Task instructions:
Repeat exactly the lines of the records below, starting at the line containing "Angel Butterfly Anklet 3 Piece Set" and ending at the line containing "Bring the needle". Leave the pictures out.

(Source data)
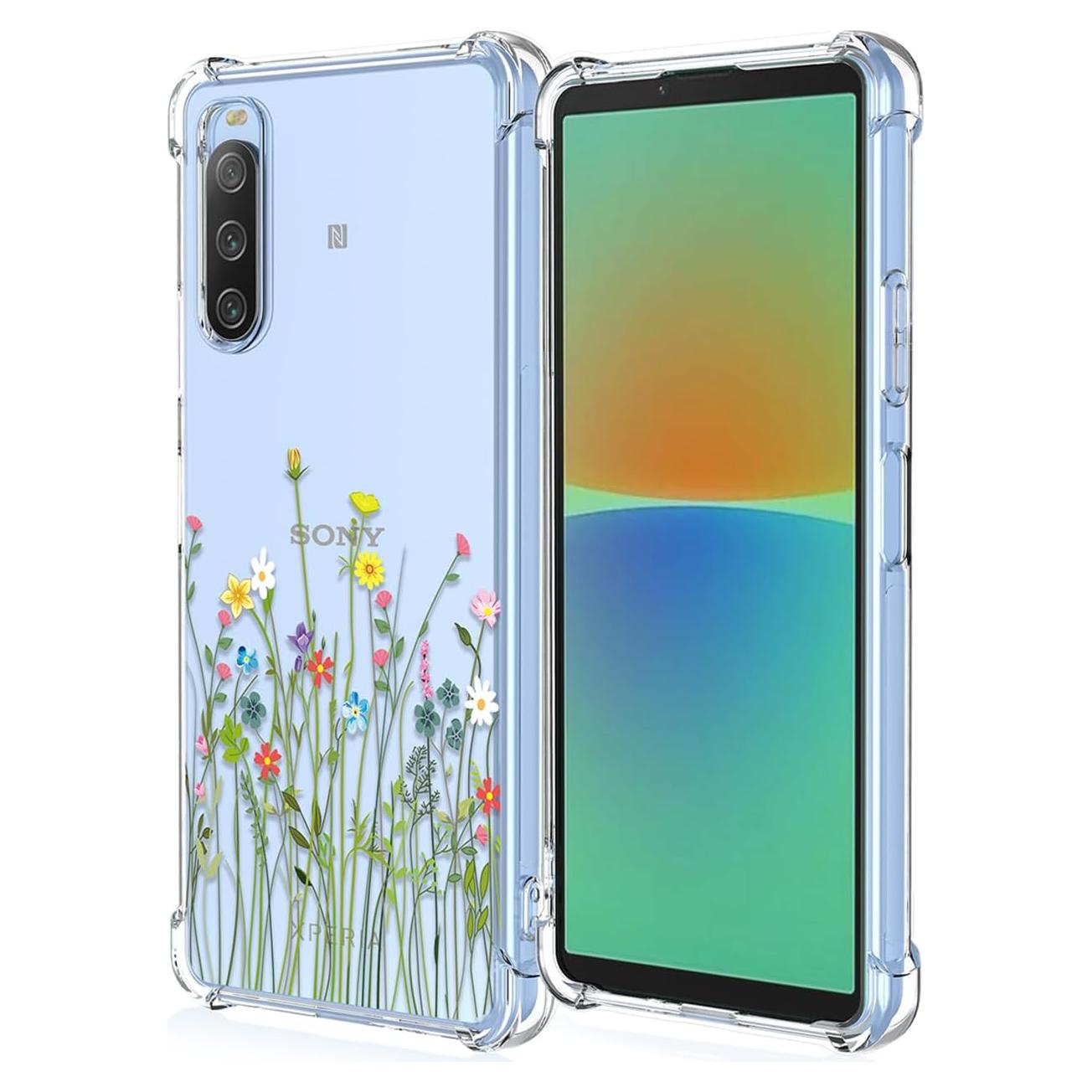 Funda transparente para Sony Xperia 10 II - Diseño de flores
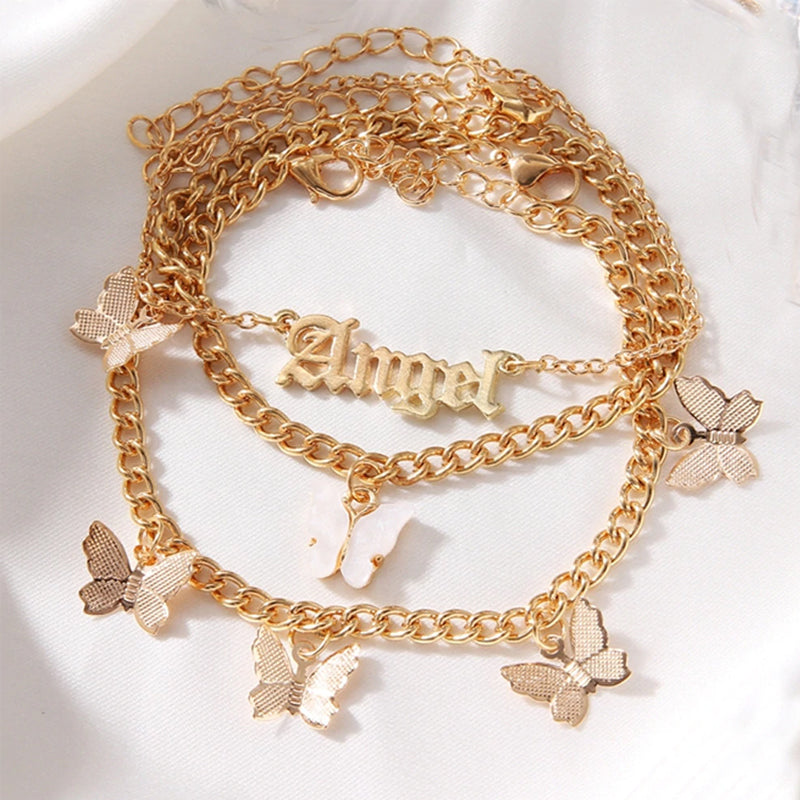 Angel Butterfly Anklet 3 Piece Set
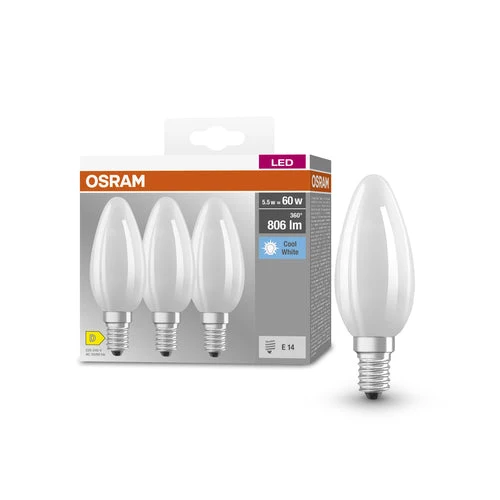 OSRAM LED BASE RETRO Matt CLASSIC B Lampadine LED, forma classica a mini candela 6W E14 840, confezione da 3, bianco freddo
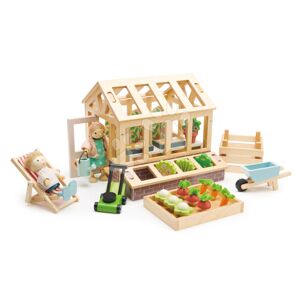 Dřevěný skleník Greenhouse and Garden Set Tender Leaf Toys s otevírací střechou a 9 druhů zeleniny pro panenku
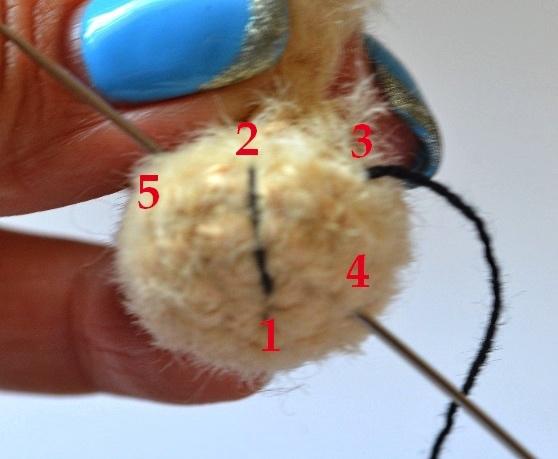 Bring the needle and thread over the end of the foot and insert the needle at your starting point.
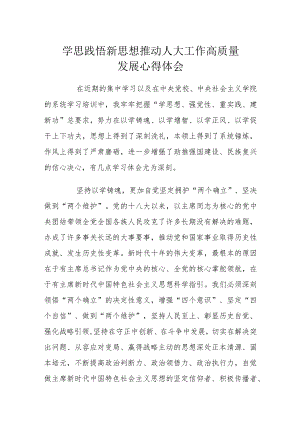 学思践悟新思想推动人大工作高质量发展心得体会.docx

Output of the task:
 Angel Butterfly Anklet 3 Piece Set
 OSRAM LED BASE RETRO Matt CLASSIC B Lampadine LED, forma classica a mini candela 6W E14 840, confezione da 3, bianco freddo
 Dřevěný skleník Greenhouse and Garden Set Tender Leaf Toys s otevírací střechou a 9 druhů zeleniny pro panenku
 Bring the needle and thread over the end of the foot and insert the needle at your starting point.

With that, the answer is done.